I threw together such a meal a few days ago, using the evil (but tasty) fried inari pouches. I did manage to get some of the fat out by rinsing the inari in hot water and wringing them out before I filled them. I was happy to find that they retained their delicious sweet and sour taste even after rinsing.

There’s no real recipe for my inari, but I can tell you what I do. I cook about 1 cup of short-grained brown rice in my rice cooker until it is done. While it is cooking, I chop up 2 carrots and half of a large, seeded cucumber. When the rice is almost done, I add the carrots and some frozen peas (3/4 cup maybe) to the cooker, just on top of the rice; I close it up and let it complete its cooking (if the rice isn’t tender, add a quarter cup of water and turn it back on–sometimes this is necessary when cooking rice with additional ingredients).

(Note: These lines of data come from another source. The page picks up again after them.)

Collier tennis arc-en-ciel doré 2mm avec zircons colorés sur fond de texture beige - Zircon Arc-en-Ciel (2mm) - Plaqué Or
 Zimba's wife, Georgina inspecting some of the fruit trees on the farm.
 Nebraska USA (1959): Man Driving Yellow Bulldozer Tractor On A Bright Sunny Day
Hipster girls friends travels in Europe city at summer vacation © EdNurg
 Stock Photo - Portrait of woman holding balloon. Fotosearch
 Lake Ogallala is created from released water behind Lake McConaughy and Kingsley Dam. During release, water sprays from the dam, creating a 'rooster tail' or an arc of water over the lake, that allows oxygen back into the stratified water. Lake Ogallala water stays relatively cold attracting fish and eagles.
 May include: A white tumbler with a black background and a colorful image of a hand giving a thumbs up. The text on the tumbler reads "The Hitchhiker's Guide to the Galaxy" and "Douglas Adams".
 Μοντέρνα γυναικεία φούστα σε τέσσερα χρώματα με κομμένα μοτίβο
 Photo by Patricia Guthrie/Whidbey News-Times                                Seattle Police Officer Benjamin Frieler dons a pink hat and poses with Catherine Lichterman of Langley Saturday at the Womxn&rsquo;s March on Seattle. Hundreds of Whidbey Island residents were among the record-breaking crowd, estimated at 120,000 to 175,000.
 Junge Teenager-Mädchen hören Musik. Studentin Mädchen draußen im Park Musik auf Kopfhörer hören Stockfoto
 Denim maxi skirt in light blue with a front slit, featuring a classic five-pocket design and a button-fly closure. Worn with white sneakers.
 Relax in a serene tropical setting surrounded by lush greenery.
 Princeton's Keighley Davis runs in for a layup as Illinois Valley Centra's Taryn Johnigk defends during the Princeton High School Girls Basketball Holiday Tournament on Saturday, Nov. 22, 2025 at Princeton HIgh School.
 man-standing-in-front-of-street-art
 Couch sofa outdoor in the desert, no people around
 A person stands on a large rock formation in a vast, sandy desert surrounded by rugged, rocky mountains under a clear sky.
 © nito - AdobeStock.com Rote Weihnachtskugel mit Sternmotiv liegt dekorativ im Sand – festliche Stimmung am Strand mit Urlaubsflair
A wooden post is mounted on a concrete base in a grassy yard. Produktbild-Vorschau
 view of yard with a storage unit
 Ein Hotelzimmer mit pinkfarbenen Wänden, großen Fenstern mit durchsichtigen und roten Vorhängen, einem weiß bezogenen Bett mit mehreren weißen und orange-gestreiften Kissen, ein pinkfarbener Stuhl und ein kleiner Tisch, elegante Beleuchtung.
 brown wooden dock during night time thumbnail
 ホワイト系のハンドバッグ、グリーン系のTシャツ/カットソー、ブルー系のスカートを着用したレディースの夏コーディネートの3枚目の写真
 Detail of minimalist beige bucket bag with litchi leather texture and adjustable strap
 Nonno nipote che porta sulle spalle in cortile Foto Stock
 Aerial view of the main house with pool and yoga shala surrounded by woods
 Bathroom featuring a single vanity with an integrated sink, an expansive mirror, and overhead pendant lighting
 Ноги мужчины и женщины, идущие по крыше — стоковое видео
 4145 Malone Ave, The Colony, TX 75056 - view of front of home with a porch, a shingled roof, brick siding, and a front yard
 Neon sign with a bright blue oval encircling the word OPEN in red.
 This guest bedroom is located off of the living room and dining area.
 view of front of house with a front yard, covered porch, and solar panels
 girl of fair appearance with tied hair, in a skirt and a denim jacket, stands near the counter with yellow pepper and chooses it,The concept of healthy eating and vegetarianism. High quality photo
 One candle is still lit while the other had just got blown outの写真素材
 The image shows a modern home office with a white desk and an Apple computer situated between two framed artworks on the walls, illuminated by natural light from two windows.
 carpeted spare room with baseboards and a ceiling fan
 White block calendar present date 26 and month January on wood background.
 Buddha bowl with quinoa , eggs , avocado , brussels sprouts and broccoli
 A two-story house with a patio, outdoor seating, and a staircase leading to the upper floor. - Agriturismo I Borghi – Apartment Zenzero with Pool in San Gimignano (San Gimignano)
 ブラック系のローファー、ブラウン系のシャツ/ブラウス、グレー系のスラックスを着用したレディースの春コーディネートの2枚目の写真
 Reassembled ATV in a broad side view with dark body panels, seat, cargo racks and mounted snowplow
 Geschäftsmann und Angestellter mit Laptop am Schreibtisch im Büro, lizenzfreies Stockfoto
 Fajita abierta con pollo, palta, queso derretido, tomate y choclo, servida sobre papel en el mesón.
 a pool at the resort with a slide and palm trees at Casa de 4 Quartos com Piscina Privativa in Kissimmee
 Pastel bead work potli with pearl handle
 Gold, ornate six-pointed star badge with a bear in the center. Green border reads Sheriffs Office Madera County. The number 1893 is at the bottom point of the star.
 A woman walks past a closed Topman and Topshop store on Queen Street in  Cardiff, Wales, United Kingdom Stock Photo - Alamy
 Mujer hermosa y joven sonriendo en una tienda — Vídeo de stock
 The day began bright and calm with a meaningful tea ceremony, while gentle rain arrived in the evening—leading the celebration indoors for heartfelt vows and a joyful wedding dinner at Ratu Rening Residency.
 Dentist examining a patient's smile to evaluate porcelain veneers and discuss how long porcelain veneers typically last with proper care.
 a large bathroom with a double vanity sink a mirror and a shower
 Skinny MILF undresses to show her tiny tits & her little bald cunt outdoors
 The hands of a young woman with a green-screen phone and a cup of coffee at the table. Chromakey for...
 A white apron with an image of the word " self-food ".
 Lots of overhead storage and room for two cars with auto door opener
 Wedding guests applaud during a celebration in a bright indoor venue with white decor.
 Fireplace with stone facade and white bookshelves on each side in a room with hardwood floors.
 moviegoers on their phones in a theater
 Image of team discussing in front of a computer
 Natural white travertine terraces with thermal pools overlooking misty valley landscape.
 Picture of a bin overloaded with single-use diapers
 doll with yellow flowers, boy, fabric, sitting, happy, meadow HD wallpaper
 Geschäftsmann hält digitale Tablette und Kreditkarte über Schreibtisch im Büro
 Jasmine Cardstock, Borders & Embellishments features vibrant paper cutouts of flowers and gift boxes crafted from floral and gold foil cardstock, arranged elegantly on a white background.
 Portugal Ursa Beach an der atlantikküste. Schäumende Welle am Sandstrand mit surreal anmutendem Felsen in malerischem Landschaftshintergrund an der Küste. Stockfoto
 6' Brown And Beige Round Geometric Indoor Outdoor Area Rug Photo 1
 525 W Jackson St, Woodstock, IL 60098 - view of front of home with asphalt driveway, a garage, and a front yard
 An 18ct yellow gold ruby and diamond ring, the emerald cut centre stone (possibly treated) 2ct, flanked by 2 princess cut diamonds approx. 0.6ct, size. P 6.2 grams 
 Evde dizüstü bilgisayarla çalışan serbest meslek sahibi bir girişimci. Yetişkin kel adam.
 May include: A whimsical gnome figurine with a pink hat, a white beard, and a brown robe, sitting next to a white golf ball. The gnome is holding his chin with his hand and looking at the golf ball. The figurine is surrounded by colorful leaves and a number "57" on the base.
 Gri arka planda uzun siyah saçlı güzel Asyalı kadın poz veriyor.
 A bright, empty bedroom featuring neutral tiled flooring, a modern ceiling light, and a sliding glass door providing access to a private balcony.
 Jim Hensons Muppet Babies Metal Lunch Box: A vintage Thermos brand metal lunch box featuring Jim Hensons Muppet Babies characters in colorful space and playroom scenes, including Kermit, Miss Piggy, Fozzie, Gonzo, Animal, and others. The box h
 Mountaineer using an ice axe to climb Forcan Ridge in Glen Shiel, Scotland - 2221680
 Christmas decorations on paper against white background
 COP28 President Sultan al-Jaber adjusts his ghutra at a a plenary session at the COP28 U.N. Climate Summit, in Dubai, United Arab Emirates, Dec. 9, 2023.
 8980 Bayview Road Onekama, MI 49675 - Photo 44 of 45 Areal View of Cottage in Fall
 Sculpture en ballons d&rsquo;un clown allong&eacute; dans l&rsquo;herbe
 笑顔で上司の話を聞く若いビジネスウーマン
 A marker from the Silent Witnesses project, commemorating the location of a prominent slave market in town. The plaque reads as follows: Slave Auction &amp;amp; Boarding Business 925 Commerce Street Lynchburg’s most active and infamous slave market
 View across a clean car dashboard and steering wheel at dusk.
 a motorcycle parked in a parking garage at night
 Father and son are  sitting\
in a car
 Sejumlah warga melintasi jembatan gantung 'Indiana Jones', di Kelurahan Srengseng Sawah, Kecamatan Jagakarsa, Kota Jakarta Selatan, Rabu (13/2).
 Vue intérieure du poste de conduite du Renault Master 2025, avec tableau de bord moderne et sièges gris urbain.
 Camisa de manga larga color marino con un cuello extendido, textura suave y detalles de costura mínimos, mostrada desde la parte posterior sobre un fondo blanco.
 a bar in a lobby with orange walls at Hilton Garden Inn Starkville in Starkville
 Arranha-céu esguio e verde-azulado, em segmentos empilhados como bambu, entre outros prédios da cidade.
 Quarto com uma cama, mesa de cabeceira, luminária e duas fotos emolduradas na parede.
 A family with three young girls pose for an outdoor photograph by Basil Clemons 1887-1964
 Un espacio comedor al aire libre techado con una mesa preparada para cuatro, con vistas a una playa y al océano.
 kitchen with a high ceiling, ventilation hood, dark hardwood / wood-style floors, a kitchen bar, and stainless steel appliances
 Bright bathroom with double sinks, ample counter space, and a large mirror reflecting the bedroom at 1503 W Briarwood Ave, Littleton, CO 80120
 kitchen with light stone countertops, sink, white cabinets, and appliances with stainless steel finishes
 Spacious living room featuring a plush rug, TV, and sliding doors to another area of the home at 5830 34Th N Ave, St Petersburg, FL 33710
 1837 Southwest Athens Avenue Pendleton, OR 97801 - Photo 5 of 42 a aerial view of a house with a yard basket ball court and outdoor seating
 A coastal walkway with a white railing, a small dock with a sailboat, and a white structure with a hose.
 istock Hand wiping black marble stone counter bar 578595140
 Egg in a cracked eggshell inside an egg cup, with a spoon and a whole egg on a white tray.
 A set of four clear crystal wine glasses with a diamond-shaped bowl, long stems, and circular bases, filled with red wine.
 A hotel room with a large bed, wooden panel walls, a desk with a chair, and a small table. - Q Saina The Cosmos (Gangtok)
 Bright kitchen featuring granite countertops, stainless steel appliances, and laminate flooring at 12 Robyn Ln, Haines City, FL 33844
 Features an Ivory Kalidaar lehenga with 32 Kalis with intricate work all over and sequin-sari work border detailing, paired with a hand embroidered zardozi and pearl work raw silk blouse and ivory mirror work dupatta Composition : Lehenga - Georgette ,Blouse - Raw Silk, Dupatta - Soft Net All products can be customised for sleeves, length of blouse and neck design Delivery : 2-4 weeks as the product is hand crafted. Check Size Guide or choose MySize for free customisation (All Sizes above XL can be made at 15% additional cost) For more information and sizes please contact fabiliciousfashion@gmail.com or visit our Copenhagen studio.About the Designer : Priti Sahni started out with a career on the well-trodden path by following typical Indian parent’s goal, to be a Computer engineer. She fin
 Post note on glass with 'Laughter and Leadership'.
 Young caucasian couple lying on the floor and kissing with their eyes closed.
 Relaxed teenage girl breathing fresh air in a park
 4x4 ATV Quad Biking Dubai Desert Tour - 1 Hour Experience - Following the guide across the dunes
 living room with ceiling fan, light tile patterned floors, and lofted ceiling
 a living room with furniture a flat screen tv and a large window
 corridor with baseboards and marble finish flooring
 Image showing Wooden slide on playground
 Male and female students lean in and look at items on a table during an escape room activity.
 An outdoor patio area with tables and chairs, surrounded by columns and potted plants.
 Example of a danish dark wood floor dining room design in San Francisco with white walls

When the rice is done, I turn it out into a bowl, add the chopped cucumber, and toss it all with seasoned rice vinegar. I just add it until it tastes good to me. (Start with 1/8 cup and add more from there; it should have a distinctly vinegary taste, but not overpoweringly so.) I use the seasoned rice vinegar that already has salt and sugar, but if you’re using regular rice vinegar, dissolve a little salt (1/2 tsp.) and sugar (2 tsp.) in it beforehand.

After the rice is cool enough to handle, I stuff it into the pre-rinsed pouches. I like to over-stuff mine and never bother with folding the edges over to “hide” the filling. The more rice inside, the better, in my opinion! Serve the inari with Ponzu Sauce (citrus-flavored soy sauce), lots of wasabi, and sliced pickled ginger.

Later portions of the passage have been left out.